What the task requires: Print the listing exactly as it stands. Skip every picture.

Recorded information:
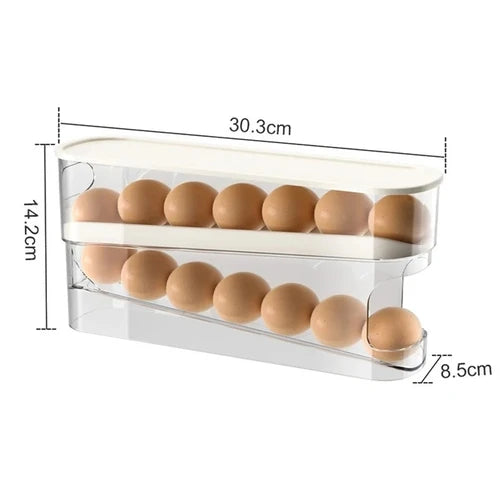 Bilayer Fridge Egg Storage Box Automatic...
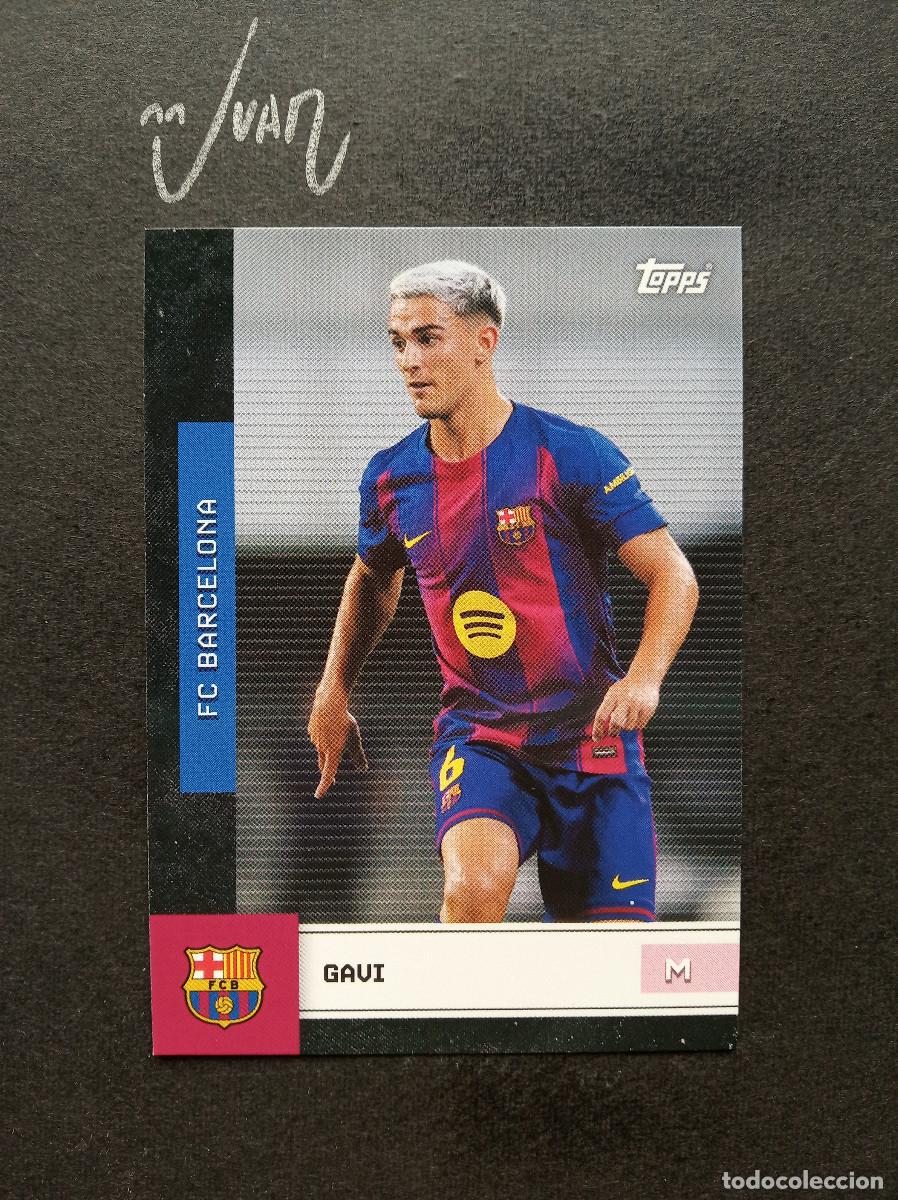 Fu&szlig;ball-Sticker: N&ordm; 4 GAVI FC BARCELONA ESPA&Ntilde;A ⚽ TOPPS &reg; TEAM SET BAR&Ccedil;A 2025 2026 25 26 NUEVO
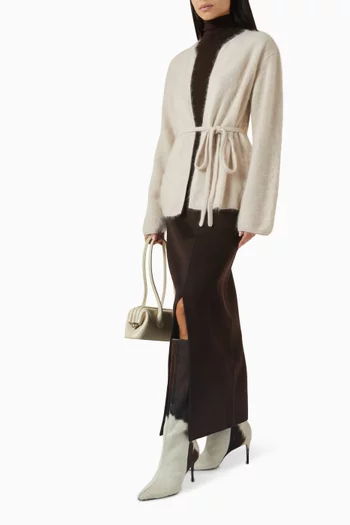 Brushed Cardigan in Cashmere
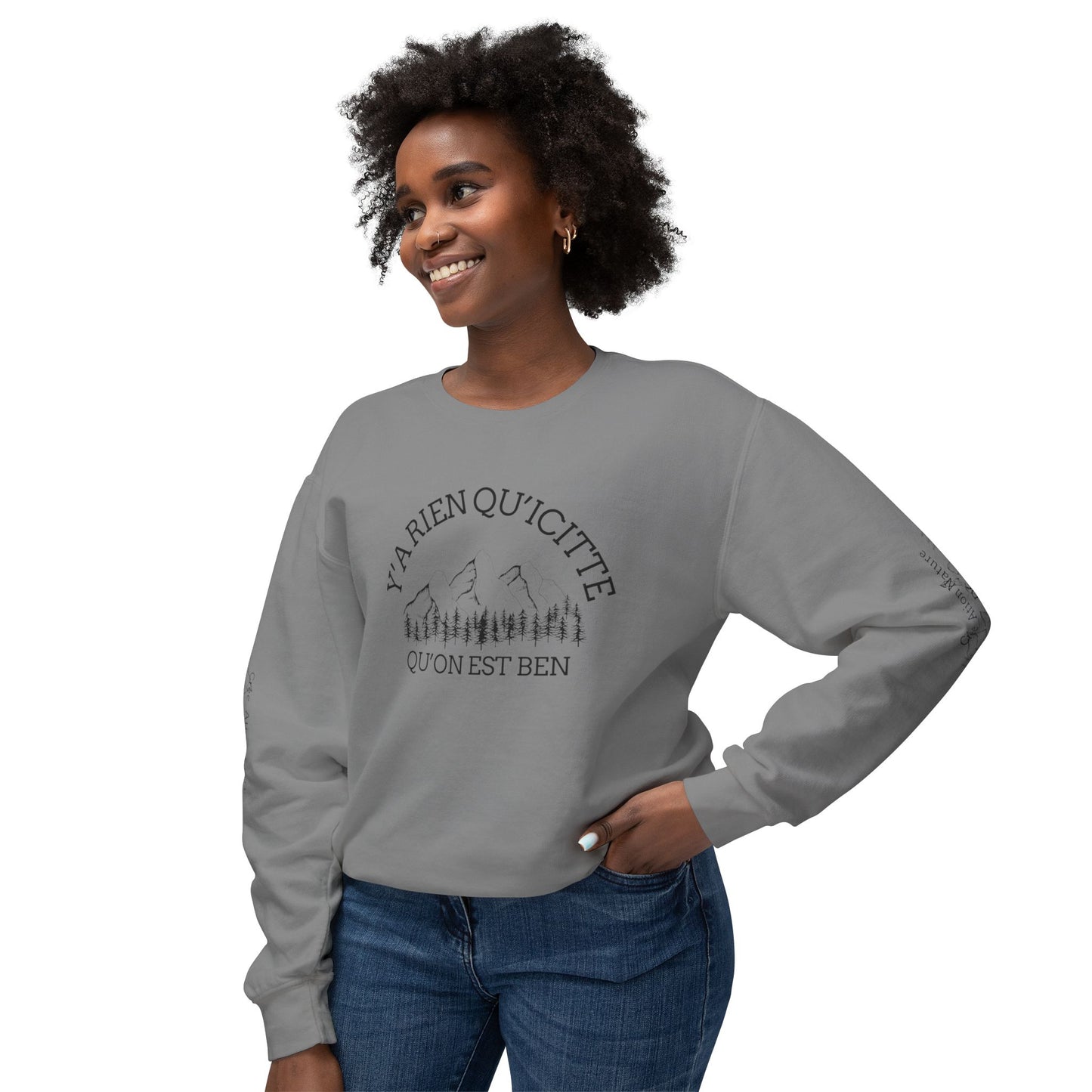 Unisex Lightweight Crewneck Sweatshirt - Crée_ation Nature DC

Exercise answer:
 Bilayer Fridge Egg Storage Box Automatic...
 Fu&szlig;ball-Sticker: N&ordm; 4 GAVI FC BARCELONA ESPA&Ntilde;A ⚽ TOPPS &reg; TEAM SET BAR&Ccedil;A 2025 2026 25 26 NUEVO
 Brushed Cardigan in Cashmere
 Unisex Lightweight Crewneck Sweatshirt - Crée_ation Nature DC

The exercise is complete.